In my experience, the pre-interview is normally a call set by HR to quickly get a gist of the candidate's situation before progressing them to a face-to-face interview.

The key at this stage is to prove that you're a nice guy, have the necessary language skills and meet the position's requirements.

2. Preparing for the technical test

Some companies will conduct a written test before the pre-interview and some afterwards.

It may require handwriting some small algorithms, such as sorting and string processing.

It’s not the end of the world if it goes wrong. You can still give your interviewers reassurance in the face-face by explaining transparently where you went wrong and what you would do differently if you have additional time, resources.

3. Preparing for the face-to-face interview

  • How you wish to grow in the company
  • The reason for leaving your previous company
  • Do you code on the side, attend meet ups, have personal projects?
  • Your values

Some companies may multiple face-to-face interviews, which may even be cross-departmental, in order to gather a selection of opinions.

Often Interviewers will be your colleagues, so ensure you come across as someone they would like to work with.

4. Preparing for a technical face-to-face interview

  • Expect to be questioned on trivia concerning the frameworks you have knowledge of.
  • If you can’t answer a technical question, demonstrate your thought process and how you will troubleshoot using tools such as Stack Overflow, (and asking your colleagues).
  • As the interviewers for this interview will often be your direct future colleagues, show your commitment to the team and what you hope you hope to bring.
  • Geek out on coding trivia and personal projects.

There are a few other points which I've consistent found will set you apart from the competition!

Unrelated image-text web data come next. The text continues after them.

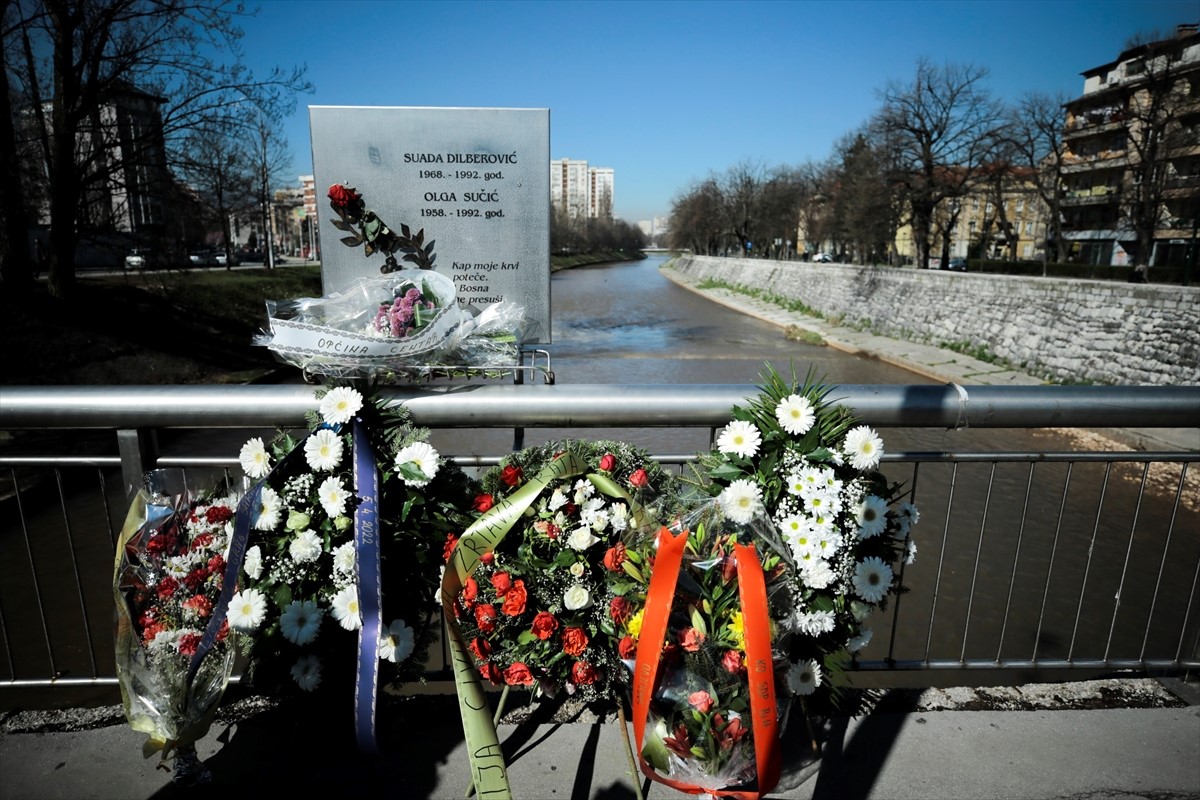 Položeno cvijeće na Mostu Suade i Olge: Sarajevo je dokaz neuništivosti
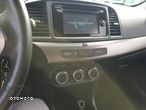 Mitsubishi Lancer 1.6 Invite - 4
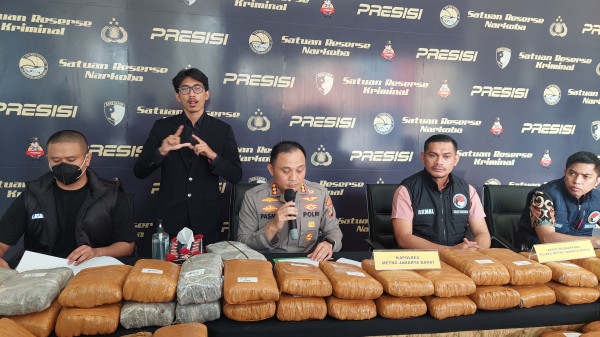 Bawa 6 Karung Ganja, Sopir Truk Ekspedisi Ditangkap Polisi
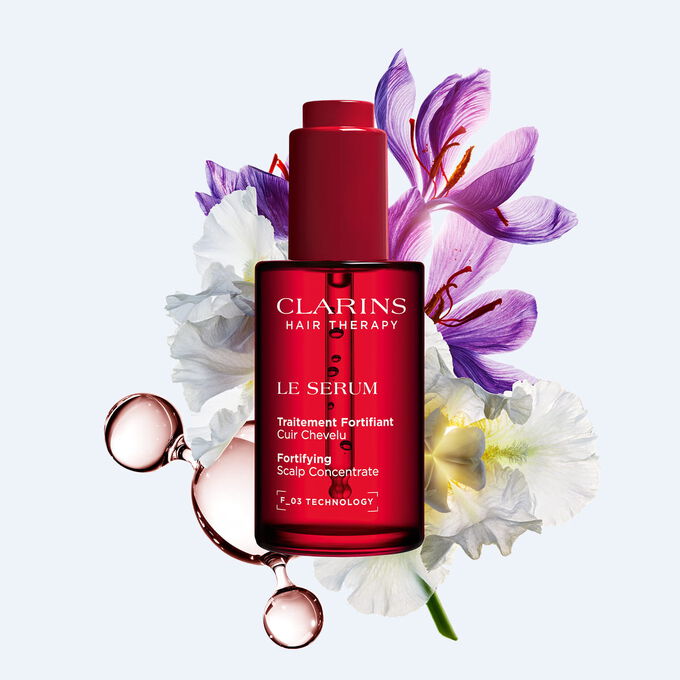 Clarins hiuspohjaseerumi tukee hiusten kest&auml;vyytt&auml; ja tuuheutta. Se on rikastettu sahramilla ja luomukasviuutteilla, jotka edist&auml;v&auml;t p&auml;&auml;nahan hyvinvointia.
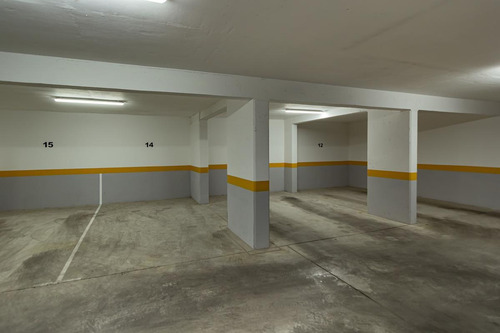 Imagen 7 de 16 de Edificio - Centro Sur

Have a career plan in mind

Discussing your personal growth and how you hope to contribute to the employer not just now but in the future will undoubtedly impact on the selection process.

Generally speaking, engineers have two directions of professional travel:

  • Technical direction
  • Management direction
Direction Roles
Technical direction: Senior engineer
Technical expert
Research scientist
Management direction: Team lead
Scrum Master
Product manager
  • The traveler on the technical path focuses on cultivating technical skills, troubleshooting difficult problems and consolidating their mastery. It requires a strong curiosity and a commitment to life-learning learning.

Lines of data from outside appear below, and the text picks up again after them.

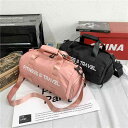 バッグ ショルダー 斜め クロス ボディ スポーツ 旅行 ハンド 荷物 ケース 小物 軽量 大容量 多 防水 収納 トラベル 肩掛け カジュアル 雑貨 メンズ ...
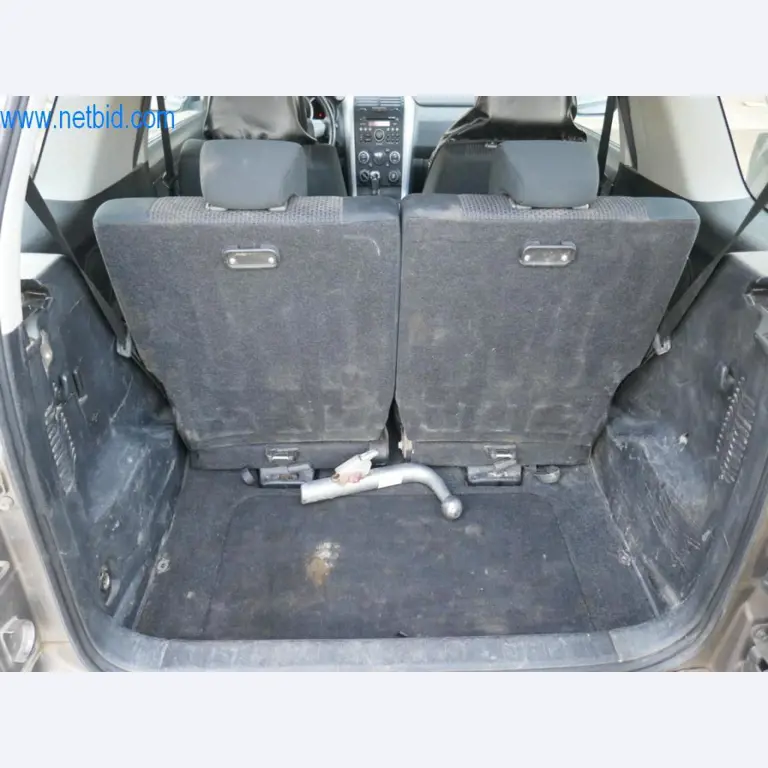 Dobro vzdrževani stroji in tehnična oprema iz živilskopredelovalnega sektorja-6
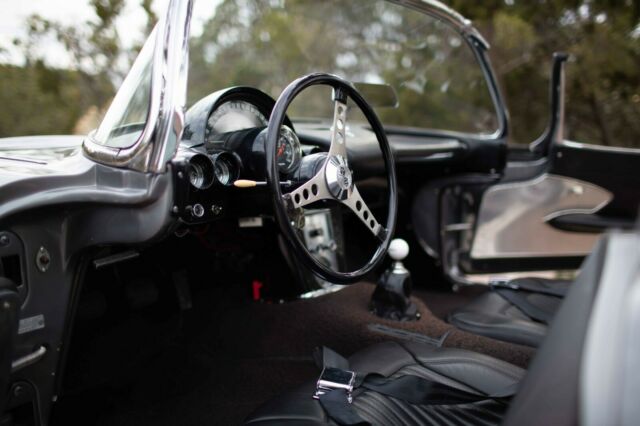Chevrolet Corvette 1960 image number 25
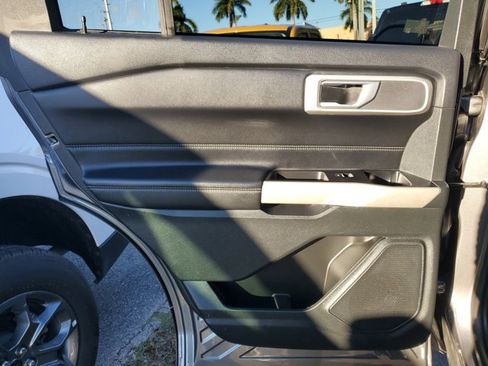 Certified 2023 Ford Explorer XLT image 10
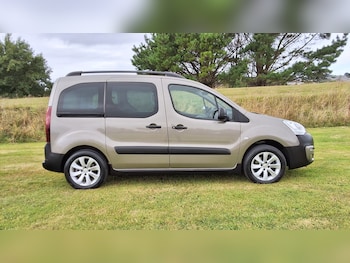 Used Peugeot Partner Tepee 2018 for sale - 75581946: Photo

  • The management series focuses on team motivation and management of resources to advance the team's goals. There is an emphasis on communication and interpersonal collaboration.

Discussing what you bring and how you wish you build on skills in order to potentially pursue a particular path will benefit you greatly. In practice, there is no obvious boundaries between these two directions, in many cases necessary skills will overlap.

Hard Skills vs Soft Skills

Interviewers are going to be looking at both hard and soft skills.

  • Hard skills include the mastery of basic knowledge, past project experience, the ability to design system architecture, and the comprehensive application of different framework tools.

  • Soft power includes communication and writing skills, time keeping, creativity and empathy, among others.

How to Target your Interview Preparation

Do your homework on the company and its values, see what it offers in terms of benefits, mentioning those will score you a lot of points.

1. Research potential interview questions on Glassdoor.com

Glassdoor is a platform where users review their experiences with various companies, that includes interviews (regardless of whether they got the job or not). In many case, they'll list out the questions they received in their interviews.

Head over to the Glassdoor page for the company your interviewing for, select interviews and copy the questions people have listed over to a separate document.

From there you can think about your answers for each one. I prefer to write them out and even take notes to potentially have on hand during the actual interview.

You may receive the same questions as listed by other users. Try to leverage the user-driven data on Glassdoor and identify other recruitment processes in order to best prepare for the big day.